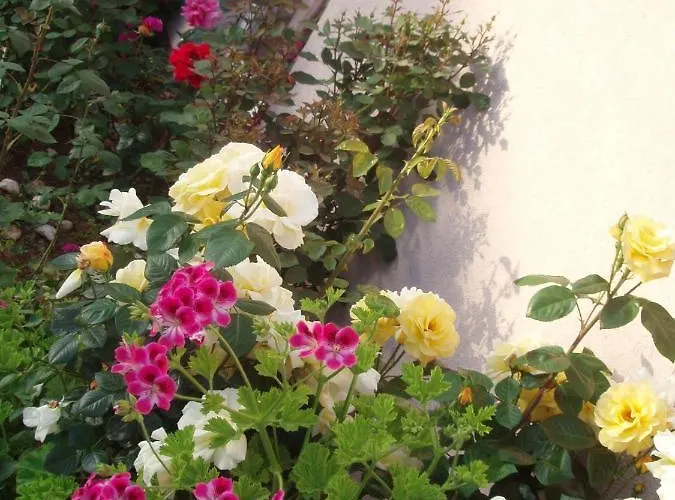 By The Sea Orebic, Peljesac - 11182 Orebić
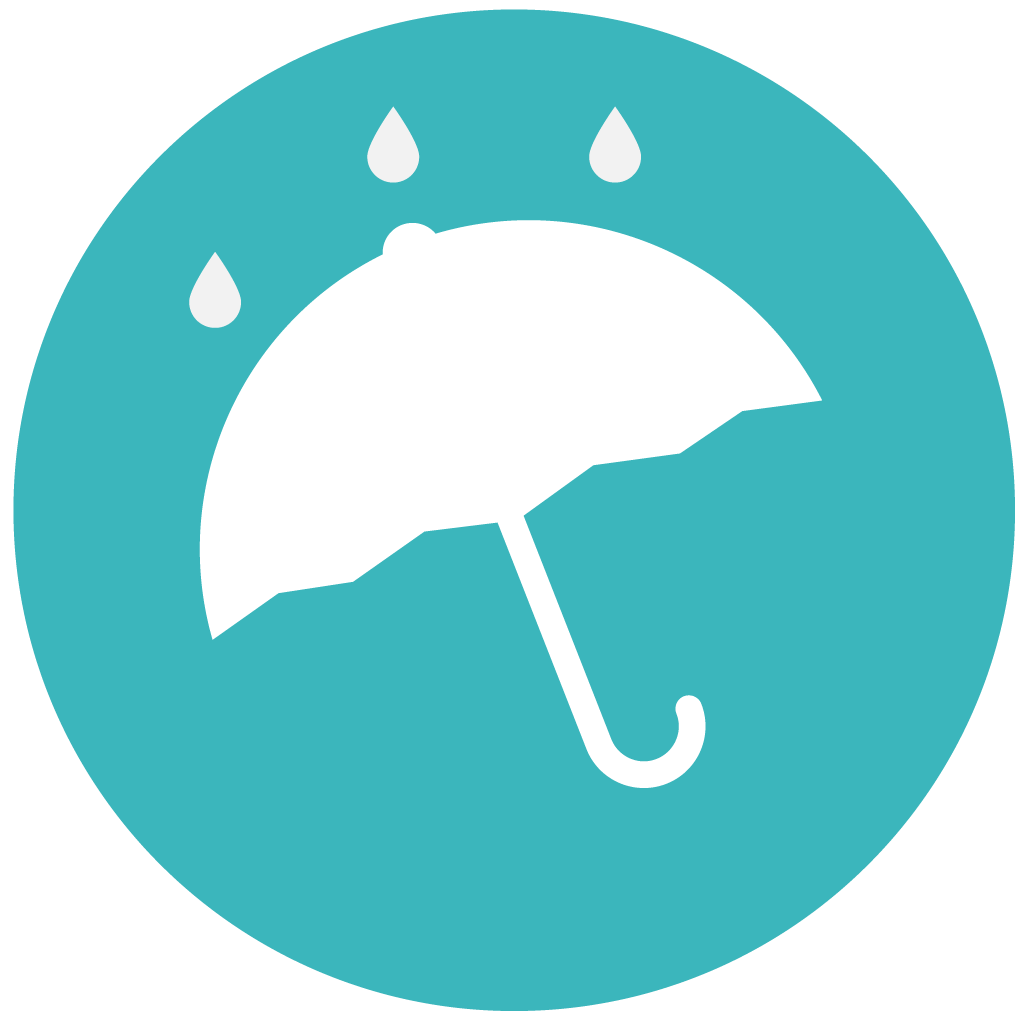 Weather Icon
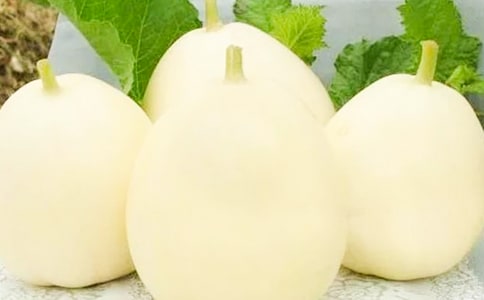 厚皮甜瓜新品種「紅星」及栽培技術要點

--- --- ---

» **EXERCISE DETAILS**
An exact retyping of the material, minus the pictures, is the required answer.

» **ANSWER**
 By The Sea Orebic, Peljesac - 11182 Orebić
 Weather Icon
 厚皮甜瓜新品種「紅星」及栽培技術要點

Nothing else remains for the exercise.